§ TASK ITEM
Return the lines of the data below exactly. Start at the first and end with the line containing "Mens Necktie Silk".

Short web captions
· · · ·
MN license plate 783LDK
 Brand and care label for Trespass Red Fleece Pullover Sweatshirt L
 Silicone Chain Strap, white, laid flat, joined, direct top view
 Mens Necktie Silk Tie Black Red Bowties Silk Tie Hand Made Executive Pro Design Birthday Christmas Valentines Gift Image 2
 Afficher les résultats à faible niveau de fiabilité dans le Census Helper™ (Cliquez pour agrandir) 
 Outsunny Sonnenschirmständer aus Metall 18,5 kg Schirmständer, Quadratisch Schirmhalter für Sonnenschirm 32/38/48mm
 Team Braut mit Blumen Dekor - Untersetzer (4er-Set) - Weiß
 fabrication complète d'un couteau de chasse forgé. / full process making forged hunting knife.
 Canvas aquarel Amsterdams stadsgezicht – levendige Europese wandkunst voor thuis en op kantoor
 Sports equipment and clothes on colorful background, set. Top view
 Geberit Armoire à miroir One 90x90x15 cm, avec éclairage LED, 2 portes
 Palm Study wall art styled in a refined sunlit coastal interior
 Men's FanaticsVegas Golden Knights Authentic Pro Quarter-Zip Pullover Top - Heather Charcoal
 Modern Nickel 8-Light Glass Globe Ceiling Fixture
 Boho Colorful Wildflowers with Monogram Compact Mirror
· · · ·
§ EXERCISE RESULT
MN license plate 783LDK
 Brand and care label for Trespass Red Fleece Pullover Sweatshirt L
 Silicone Chain Strap, white, laid flat, joined, direct top view
 Mens Necktie Silk Tie Black Red Bowties Silk Tie Hand Made Executive Pro Design Birthday Christmas Valentines Gift Image 2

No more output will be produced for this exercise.